Default Columns ¶
Apache Spark 3.4 introduces support for DEFAULT
columns in the following SQL statements:
ALTER TABLE ADD (COLUMN | COLUMNS)
ALTER TABLE REPLACE COLUMNS
CREATE TABLE
(CREATE OR)? REPLACE TABLE
Default Columns are columns defined with DEFAULT
clause.
defaultExpression
: DEFAULT expression
;
colDefinitionOption
: NOT NULL
| defaultExpression
| generationExpression
| commentSpec
;
createOrReplaceTableColType
: colName dataType colDefinitionOption*
;
qualifiedColTypeWithPosition
: multipartIdentifier dataType (NOT NULL)? defaultExpression? commentSpec? colPosition?
;
Default Columns are enabled using spark.sql.defaultColumn.enabled configuration property.
With DEFAULT columns, INSERT
, UPDATE
, MERGE
statements can reference the value using the DEFAULT
keyword.
CREATE TABLE T(a INT, b INT NOT NULL);
-- The default default is NULL
INSERT INTO T VALUES (DEFAULT, 0);
INSERT INTO T(b) VALUES (1);
SELECT * FROM T;
-- (NULL, 0)
-- (NULL, 1)
-- Adding a default to a table with rows, sets the values for the
-- existing rows (exist default) and new rows (current default).

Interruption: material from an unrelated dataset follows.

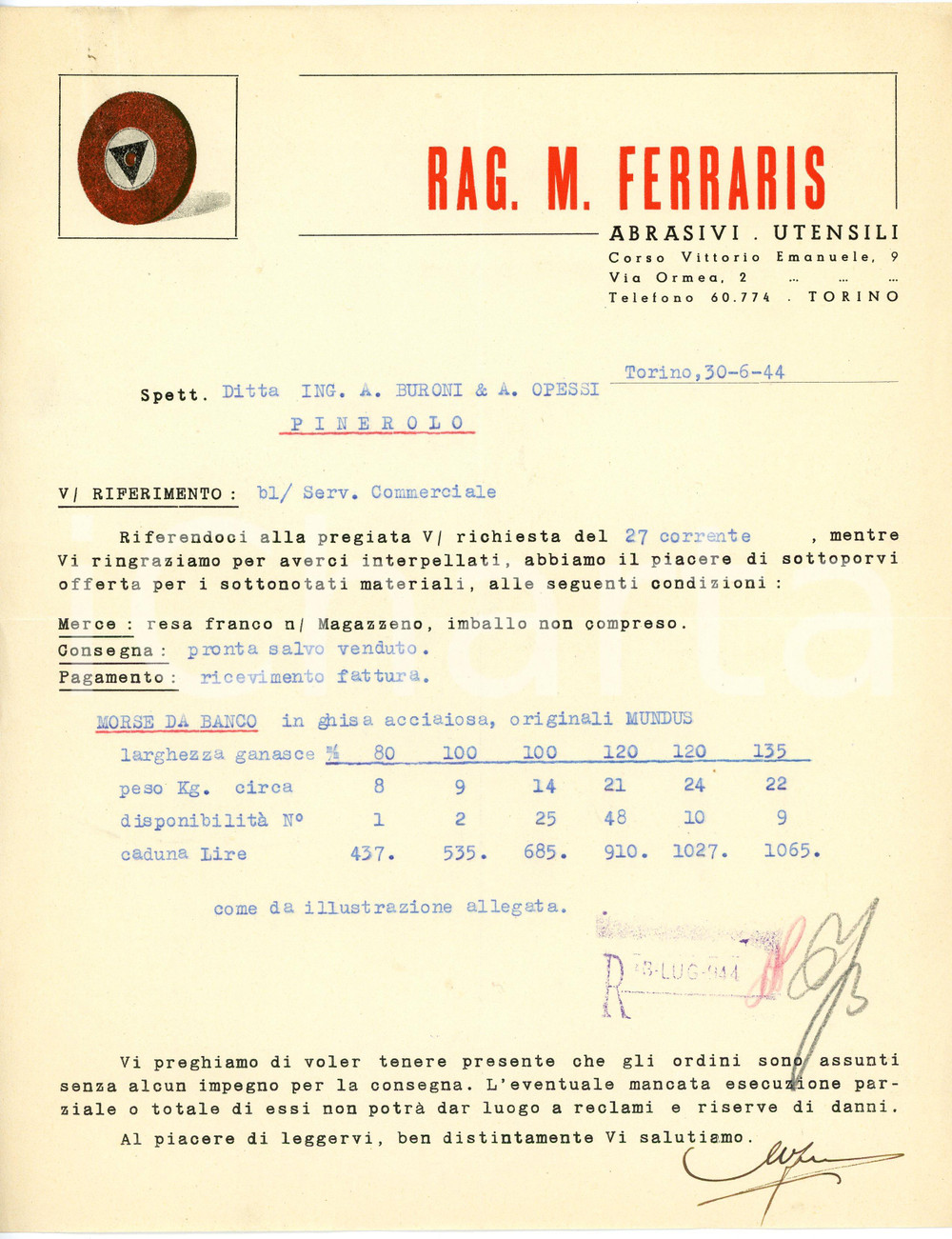 1944 TORINO - Rag. M. FERRARIS c.so V. Emanuele 9 - Abrasivi, utensili - Lettera Lettera commerciale d'epoca, dattiloscritta, su carta intestata illustrata.CONDIZIONI: F (piegature d'epoca)PAGINE: 1    originale e autentica 1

ALTER TABLE T ADD COLUMN c INT DEFAULT 5;
INSERT INTO T VALUES (1, 2, DEFAULT);
SELECT * FROM T;
-- (NULL, 0, 5)
-- (NULL, 1, 5)
-- (1, 2, 5)
CREATE TABLE t1 (
i BOOLEAN,
s BIGINT DEFAULT 42)
USING parquet;
INSERT INTO t1
VALUES
(true, 41),
(false, DEFAULT);
CREATE TABLE T2 (
i BOOLEAN DEFAULT true,
s BIGINT DEFAULT 42,
t STRING DEFAULT 'ABC')
USING parquet;
INSERT INTO t2 (i, s)
SELECT DEFAULT, s
FROM t1
ORDER BY s
LIMIT 1
OFFSET 1;
Default Columns uses the following configuration properties:
- spark.sql.defaultColumn.allowedProviders
- spark.sql.defaultColumn.useNullsForMissingDefaultValues
- spark.sql.jsonGenerator.writeNullIfWithDefaultValue
Default Columns are resolved using ResolveDefaultColumns logical resolution rule.
Column Metadata Attributes¶
Default Columns feature uses the internal column metadata attributes to mark schema fields with default values.